* [PATCH net-next v6 04/14] splice, net: Add a splice_eof op to file-ops and socket-ops
[not found] <20230607181920.2294972-1-dhowells@redhat.com>
@ 2023-06-07 18:19 ` David Howells
2023-06-07 18:19 ` [PATCH net-next v6 10/14] splice, net: Fix SPLICE_F_MORE signalling in splice_direct_to_actor() David Howells
1 sibling, 0 replies; 2+ messages in thread
From: David Howells @ 2023-06-07 18:19 UTC (permalink / raw)

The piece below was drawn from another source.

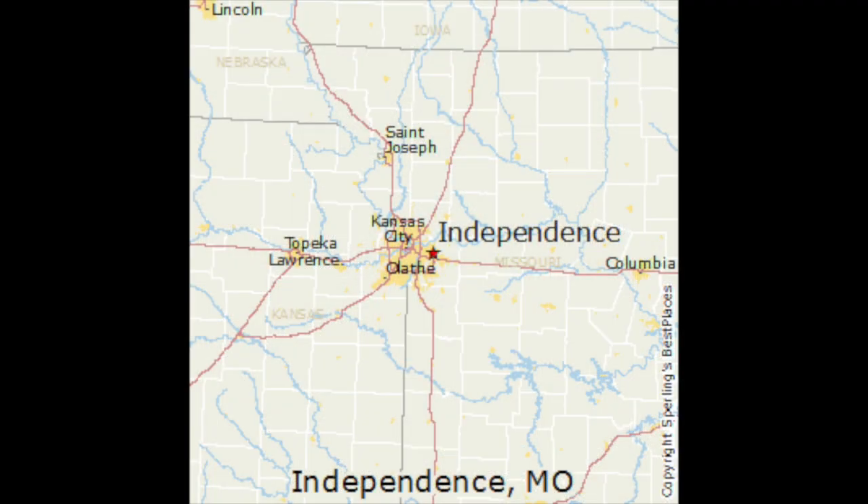Hi, I'm Susan Jaster with Lincoln University, and I am a farm outreach worker. We're here in Independence, Missouri.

To: netdev, Linus Torvalds
Cc: David Howells, Chuck Lever, Boris Pismenny, John Fastabend,
Jakub Kicinski, David S. Miller, Eric Dumazet, Paolo Abeni,
Willem de Bruijn, David Ahern, Matthew Wilcox, Jens Axboe,
linux-mm, linux-kernel, Christoph Hellwig, Al Viro, Jan Kara,
Jeff Layton, David Hildenbrand, Christian Brauner, linux-fsdevel,
linux-block
Add an optional method, ->splice_eof(), to allow splice to indicate the
premature termination of a splice to struct file_operations and struct
proto_ops.
This is called if sendfile() or splice() encounters all of the following
conditions inside splice_direct_to_actor():
(1) the user did not set SPLICE_F_MORE (splice only), and
(2) an EOF condition occurred (->splice_read() returned 0), and
(3) we haven't read enough to fulfill the request (ie. len > 0 still), and
(4) we have already spliced at least one byte.

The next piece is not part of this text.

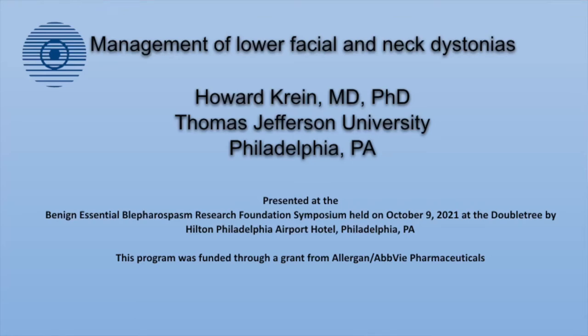Dr. Howard Krein — it gives me great pleasure to introduce him. You can read about his bio in the outline, but I wanted to say just a couple of other things that aren't in a bio. Howard, I've known since he was a resident, so we go back a long, long ways. He's a great colleague and a dear friend. Wills Eye Hospital is the ophthalmology department for Jefferson University Hospital, which is the level-one big university hospital in center city. I work very closely with two departments there — otolaryngology ENT and neurosurgery.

A further patch will modify the behaviour of SPLICE_F_MORE to always be
passed to the actor if either the user set it or we haven't yet read
sufficient data to fulfill the request.
Suggested-by: Linus Torvalds <torvalds@linux-foundation.org>
Link: https://lore.kernel.org/r/CAHk-=wh=V579PDYvkpnTobCLGczbgxpMgGmmhqiTyE34Cpi5Gg@mail.gmail.com/
Signed-off-by: David Howells <dhowells@redhat.com>
Reviewed-by: Jakub Kicinski <kuba@kernel.org>
cc: Jens Axboe <axboe@kernel.dk>
cc: Christoph Hellwig <hch@lst.de>
cc: Al Viro <viro@zeniv.linux.org.uk>
cc: Matthew Wilcox <willy@infradead.org>
cc: Jan Kara <jack@suse.cz>
cc: Jeff Layton <jlayton@kernel.org>
cc: David Hildenbrand <david@redhat.com>
cc: Christian Brauner <brauner@kernel.org>
cc: Chuck Lever <chuck.lever@oracle.com>
cc: Boris Pismenny <borisp@nvidia.com>
cc: John Fastabend <john.fastabend@gmail.com>
cc: Eric Dumazet <edumazet@google.com>
cc: "David S. Miller" <davem@davemloft.net>
cc: Paolo Abeni <pabeni@redhat.com>
cc: linux-fsdevel@vger.kernel.org
cc: linux-block@vger.kernel.org
cc: linux-mm@kvack.org
cc: netdev@vger.kernel.org
---
fs/splice.c | 31 ++++++++++++++++++++++++++++++-
include/linux/fs.h | 1 +
include/linux/net.h | 1 +
include/linux/splice.h | 1 +
include/net/sock.h | 1 +
net/socket.c | 10 ++++++++++
6 files changed, 44 insertions(+), 1 deletion(-)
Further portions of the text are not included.